= DATASET EXCERPTS =
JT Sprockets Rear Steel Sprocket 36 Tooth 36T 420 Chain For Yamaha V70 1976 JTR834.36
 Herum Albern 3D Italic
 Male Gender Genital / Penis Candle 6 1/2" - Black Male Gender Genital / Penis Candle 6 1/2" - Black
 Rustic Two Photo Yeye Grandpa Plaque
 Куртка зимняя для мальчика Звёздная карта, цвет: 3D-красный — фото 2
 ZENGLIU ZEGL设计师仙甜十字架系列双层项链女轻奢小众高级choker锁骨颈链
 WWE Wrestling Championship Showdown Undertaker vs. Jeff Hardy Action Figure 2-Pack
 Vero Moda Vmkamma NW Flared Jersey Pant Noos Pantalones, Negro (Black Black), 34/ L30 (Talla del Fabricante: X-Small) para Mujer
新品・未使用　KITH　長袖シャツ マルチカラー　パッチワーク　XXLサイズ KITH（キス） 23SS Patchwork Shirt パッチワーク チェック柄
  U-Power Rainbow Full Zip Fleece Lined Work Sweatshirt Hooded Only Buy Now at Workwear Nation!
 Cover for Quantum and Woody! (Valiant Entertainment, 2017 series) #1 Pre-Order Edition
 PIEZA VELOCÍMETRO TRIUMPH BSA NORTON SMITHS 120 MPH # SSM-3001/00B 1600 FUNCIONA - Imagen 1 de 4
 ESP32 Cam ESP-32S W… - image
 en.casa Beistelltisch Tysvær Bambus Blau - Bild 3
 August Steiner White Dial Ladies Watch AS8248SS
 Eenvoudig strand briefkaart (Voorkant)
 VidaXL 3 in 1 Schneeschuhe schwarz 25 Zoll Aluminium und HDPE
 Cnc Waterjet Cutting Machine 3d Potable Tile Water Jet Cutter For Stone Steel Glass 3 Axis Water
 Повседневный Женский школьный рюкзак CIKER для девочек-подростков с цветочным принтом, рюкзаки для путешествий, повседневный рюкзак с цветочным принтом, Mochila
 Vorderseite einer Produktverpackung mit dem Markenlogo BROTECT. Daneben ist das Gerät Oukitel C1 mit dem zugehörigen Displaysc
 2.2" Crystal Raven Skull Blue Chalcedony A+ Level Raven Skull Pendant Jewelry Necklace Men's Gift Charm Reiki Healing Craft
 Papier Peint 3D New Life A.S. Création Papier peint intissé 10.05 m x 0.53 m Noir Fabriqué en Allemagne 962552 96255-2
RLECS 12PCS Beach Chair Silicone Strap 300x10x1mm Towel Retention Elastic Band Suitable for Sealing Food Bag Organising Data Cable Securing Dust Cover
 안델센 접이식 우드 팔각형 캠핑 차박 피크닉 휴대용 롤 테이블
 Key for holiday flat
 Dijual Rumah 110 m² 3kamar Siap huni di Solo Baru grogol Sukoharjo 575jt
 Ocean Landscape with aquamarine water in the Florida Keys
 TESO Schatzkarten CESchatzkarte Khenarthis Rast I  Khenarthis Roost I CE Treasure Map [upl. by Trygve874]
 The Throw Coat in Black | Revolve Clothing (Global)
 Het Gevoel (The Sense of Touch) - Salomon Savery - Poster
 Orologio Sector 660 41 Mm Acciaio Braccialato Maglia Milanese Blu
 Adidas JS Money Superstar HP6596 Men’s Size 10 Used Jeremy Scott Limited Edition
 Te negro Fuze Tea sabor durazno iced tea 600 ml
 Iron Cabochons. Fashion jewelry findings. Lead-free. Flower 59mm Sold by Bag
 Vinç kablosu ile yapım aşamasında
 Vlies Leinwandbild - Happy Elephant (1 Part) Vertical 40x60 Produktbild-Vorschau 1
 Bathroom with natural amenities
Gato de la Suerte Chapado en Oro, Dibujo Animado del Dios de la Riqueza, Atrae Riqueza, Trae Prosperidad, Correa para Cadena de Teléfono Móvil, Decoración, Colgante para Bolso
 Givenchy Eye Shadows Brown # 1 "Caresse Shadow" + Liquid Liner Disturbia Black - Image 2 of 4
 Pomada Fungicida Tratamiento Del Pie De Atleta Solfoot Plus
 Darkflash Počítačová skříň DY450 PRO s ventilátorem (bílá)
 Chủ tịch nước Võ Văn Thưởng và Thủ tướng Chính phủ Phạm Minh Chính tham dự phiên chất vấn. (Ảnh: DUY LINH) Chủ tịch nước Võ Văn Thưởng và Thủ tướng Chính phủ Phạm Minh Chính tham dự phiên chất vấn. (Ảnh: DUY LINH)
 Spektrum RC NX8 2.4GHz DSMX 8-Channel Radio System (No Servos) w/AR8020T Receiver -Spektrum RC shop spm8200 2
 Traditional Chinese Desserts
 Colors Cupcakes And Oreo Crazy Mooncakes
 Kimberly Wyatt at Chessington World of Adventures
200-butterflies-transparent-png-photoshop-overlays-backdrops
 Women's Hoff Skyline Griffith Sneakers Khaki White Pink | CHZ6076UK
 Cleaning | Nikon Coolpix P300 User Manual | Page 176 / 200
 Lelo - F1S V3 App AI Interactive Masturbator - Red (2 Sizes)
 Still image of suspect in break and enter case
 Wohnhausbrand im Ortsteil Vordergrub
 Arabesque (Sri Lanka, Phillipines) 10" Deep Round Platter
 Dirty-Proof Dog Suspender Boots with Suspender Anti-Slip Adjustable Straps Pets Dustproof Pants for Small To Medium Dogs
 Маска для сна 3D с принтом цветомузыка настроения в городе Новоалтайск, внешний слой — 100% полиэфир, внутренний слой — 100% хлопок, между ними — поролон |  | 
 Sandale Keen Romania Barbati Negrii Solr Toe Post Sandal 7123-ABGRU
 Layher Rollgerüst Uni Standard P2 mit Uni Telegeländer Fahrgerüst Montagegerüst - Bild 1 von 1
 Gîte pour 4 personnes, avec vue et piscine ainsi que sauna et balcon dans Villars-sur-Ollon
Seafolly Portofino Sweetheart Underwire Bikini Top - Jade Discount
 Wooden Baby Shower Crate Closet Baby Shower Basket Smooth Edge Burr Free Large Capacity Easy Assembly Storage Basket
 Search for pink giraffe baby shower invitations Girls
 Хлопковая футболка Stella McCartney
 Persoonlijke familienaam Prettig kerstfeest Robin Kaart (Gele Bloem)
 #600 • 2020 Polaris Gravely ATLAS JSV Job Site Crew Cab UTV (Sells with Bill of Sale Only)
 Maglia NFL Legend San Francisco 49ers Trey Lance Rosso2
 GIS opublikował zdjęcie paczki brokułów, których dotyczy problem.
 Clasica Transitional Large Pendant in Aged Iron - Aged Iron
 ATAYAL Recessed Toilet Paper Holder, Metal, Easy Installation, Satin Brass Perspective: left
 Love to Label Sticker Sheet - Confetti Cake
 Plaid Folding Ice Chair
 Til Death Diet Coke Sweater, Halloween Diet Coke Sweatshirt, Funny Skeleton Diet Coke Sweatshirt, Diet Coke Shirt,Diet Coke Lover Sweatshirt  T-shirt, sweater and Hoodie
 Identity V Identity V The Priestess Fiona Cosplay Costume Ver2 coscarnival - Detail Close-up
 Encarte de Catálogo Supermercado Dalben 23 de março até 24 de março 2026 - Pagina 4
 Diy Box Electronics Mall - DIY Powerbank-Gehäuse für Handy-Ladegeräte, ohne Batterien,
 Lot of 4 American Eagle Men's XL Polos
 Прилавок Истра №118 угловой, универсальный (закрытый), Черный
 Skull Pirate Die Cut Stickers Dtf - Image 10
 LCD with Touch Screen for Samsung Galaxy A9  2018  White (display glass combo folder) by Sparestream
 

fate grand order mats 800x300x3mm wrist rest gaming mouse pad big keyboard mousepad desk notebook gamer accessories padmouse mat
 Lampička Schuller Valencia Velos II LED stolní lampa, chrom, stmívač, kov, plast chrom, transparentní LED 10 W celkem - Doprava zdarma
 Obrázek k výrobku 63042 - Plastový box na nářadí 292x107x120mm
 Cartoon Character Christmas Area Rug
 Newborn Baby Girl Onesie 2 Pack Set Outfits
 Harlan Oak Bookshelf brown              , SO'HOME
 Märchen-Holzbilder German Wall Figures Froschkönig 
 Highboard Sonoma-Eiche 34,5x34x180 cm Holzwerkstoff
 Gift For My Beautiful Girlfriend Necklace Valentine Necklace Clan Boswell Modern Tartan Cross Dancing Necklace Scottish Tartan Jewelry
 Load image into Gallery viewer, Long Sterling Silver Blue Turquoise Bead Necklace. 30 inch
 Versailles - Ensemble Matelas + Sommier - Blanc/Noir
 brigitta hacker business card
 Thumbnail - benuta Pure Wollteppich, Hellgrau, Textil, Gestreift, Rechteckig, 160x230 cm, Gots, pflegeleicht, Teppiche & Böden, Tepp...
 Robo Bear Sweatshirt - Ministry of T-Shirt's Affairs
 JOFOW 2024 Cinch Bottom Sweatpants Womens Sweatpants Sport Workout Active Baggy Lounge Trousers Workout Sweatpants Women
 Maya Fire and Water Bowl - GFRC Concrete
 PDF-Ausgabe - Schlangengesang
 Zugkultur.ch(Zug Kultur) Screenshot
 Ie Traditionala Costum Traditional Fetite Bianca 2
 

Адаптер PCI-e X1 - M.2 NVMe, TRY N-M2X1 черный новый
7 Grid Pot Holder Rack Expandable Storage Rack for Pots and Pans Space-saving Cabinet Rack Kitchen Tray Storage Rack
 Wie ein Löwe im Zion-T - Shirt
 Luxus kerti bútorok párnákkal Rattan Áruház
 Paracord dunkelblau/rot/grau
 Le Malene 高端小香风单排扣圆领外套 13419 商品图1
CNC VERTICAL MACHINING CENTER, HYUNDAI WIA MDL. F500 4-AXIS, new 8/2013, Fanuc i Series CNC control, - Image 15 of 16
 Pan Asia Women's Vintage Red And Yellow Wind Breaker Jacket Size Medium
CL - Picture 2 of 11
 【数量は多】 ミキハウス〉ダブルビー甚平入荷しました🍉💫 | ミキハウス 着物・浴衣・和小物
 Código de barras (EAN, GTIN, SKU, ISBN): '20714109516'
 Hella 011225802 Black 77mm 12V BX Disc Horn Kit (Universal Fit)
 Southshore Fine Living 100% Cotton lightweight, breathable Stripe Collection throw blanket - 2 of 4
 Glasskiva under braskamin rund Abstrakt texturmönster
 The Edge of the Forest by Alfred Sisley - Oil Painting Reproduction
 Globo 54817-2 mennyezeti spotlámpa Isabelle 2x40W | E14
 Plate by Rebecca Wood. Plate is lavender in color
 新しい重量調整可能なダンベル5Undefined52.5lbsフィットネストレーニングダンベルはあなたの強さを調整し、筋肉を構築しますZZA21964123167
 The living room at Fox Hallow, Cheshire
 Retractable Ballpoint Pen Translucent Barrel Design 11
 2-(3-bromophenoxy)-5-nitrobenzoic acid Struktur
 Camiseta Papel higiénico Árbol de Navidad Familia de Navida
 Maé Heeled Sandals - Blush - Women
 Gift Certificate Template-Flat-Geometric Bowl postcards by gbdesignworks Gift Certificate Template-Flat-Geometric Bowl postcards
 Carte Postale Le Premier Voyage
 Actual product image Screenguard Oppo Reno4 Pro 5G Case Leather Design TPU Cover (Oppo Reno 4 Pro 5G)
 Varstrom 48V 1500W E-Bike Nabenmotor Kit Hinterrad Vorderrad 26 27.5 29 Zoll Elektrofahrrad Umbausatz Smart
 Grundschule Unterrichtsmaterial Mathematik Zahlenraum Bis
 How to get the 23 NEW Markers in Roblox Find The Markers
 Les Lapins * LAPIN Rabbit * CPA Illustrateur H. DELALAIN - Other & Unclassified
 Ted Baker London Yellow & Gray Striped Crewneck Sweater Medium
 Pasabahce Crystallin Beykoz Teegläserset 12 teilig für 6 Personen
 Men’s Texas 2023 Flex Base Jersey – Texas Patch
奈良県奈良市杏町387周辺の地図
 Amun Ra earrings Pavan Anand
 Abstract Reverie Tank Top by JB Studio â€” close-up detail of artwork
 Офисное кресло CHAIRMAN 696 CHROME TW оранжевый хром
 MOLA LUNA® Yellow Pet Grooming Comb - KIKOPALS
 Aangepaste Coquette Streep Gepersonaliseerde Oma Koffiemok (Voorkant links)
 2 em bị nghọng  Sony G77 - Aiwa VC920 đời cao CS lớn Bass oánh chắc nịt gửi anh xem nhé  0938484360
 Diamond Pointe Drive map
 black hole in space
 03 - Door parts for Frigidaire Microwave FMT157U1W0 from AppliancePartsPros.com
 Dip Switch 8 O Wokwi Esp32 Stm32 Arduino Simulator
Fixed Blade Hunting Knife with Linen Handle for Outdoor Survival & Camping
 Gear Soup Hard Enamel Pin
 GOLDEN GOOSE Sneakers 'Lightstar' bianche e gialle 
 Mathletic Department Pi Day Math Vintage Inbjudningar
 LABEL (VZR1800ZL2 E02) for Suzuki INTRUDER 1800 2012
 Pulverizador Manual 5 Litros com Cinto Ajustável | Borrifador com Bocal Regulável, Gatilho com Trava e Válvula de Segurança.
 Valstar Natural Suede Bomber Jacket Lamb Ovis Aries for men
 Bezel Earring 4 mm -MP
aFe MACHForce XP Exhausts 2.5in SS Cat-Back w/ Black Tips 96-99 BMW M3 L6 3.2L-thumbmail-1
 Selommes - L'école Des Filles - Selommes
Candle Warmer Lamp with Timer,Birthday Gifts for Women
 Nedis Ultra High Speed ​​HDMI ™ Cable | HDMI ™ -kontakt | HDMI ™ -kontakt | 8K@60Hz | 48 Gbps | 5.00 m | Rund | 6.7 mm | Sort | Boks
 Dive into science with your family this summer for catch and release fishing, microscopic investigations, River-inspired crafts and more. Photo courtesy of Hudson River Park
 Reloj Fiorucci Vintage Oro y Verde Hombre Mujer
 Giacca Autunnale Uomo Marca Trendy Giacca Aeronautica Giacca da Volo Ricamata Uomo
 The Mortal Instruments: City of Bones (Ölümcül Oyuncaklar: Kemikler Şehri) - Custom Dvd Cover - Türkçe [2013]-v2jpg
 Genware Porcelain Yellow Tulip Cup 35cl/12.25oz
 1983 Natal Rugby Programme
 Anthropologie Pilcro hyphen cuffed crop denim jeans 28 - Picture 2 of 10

= WORK ITEM =
Everything above from the line with "Til Death Diet" to the line with "Прилавок Истра №118", both included, must be repeated exactly, and nothing outside that range.

= FINISHED TASK =
 Til Death Diet Coke Sweater, Halloween Diet Coke Sweatshirt, Funny Skeleton Diet Coke Sweatshirt, Diet Coke Shirt,Diet Coke Lover Sweatshirt  T-shirt, sweater and Hoodie
 Identity V Identity V The Priestess Fiona Cosplay Costume Ver2 coscarnival - Detail Close-up
 Encarte de Catálogo Supermercado Dalben 23 de março até 24 de março 2026 - Pagina 4
 Diy Box Electronics Mall - DIY Powerbank-Gehäuse für Handy-Ladegeräte, ohne Batterien,
 Lot of 4 American Eagle Men's XL Polos
 Прилавок Истра №118 угловой, универсальный (закрытый), Черный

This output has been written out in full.